More. In my own life, religion and science are correctives to each other. There are errors of the mind and heart that are characteristic of religious people, which science corrects. We're given to all the variations of the pathetic fallacy. We perceive persons where there are no persons, intentions where there are no intentions. We want to make the world into a mandala, an outward emblem of our inner life. We rework the outer world, not as we want it to be (that's a slander on religious people which has never been true) -- but as it makes emotional sense to us. Science rescues us from this.

Likewise, there are errors of the mind and heart that are characteristic of scientific people, which meditation and comtemplation correct. We tend to hide our motivations from ourselves; we tend to take our thoughts at face value. We tend to put our energy into answering external questions, and to forget the very first, fundamental question, the question before the question: why are we asking? There is always a reason why we ask any question. Often enough it's not a very pretty one, but we had better know what it is. That's where the techniques of rigorous introspection -- which have been worked out in various religious traditions, through struggles just as difficult as Gallileo's and Newton's -- are indispensable. If you haven't learned them and practiced them, I can pretty much guarantee that you are deeply deceived about how your mind works and why it asks the questions it asks.



I said something like, “There are tens of thousands of religions, and very few of them make a big deal of subscribing to a laundry list of assertions about cosmological reality,” and he answered, “I think almost all of them do.”

It wasn't answerable in the space of a Facebook thread, so I dropped it, but I understand why we were talking past each other a bit. Some of the difficulty is just in how you count. One way to think about religions -- the way I was thinking -- was to take each one as of equal weight. So a shaman practicing way up the Amazon counts for one, and Catholicism, with its hundreds of millions of adherents, also counts as (only) one. Moreover, historical religions, which we know about but which are no longer practiced, also count in this census. Most religions, counting this way, are animistic or shamanic: they are not organized, and have no power, even if they had the wish, to enforce subscription to articles of belief. You might call this the Senate of religions. But you can also think proportional representation -- a House of religions. In that case, Catholicism, say, ranks as a sort of California. There are *lots* of Catholics, and they have a lot of weight to throw around.

But there's still difficulty with the definition of “religion.” There's a lot of different ways of thinking about what Catholicism is. You can ask the Pope what it is, and get one answer, and that's the basic approach that someone writing a Wikipedia article would take. And so go read the article, and you'll find out exactly what Catholics believe: all about God the creator, the trinity, transubstantiation, and so forth.

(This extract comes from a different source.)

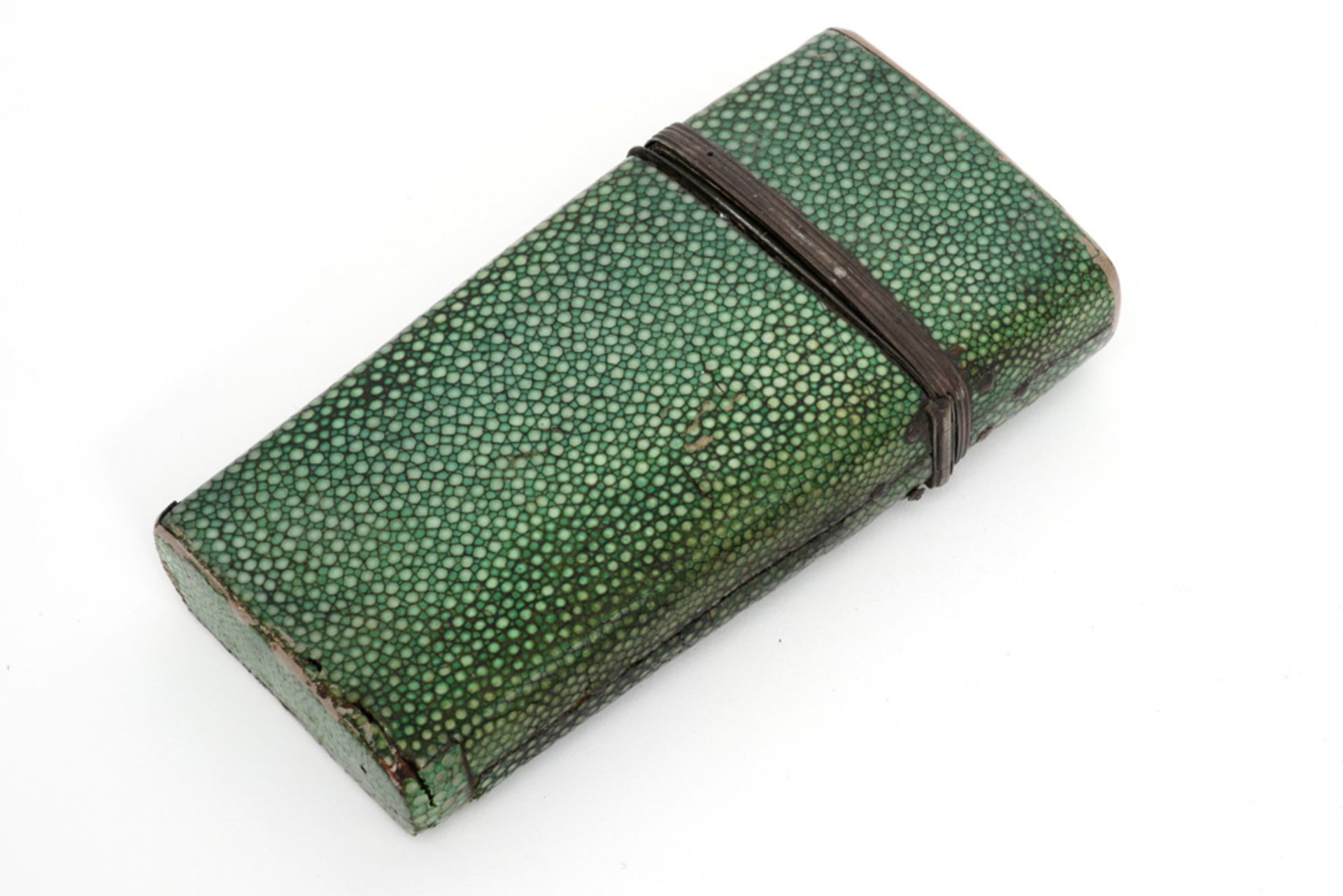 case in green shagreen with its original contents || Etui in shagrijn (groen) met passer en - Image 3 of 4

The problem with this top-down approach is that it gives you a wildly inaccurate idea of what most Catholics, most of the time, believe. Most of the French, for example, identify as Catholic. A large proportion of them also identify as atheist. There is a huge disconnect between the official position of the church and what its members actually think and do. You can airily dismiss the Catholicism of these atheists, and say that they're not really religious -- and in fact my interlocutor took this route, and averred that I was not religious, even though my religious convictions and practice are the center of my life, and give it such meaning as it has -- but that doesn't really answer any questions. What is an atheist doing in church, then, and why does he do it? If it's not out of religious motives that I prostrate in front of a little wooden Buddha statue in the morning, then what exactly do you call those motives? A definition of religion that excludes such a large proportion of what most people think of as religious activity may not be a very useful one.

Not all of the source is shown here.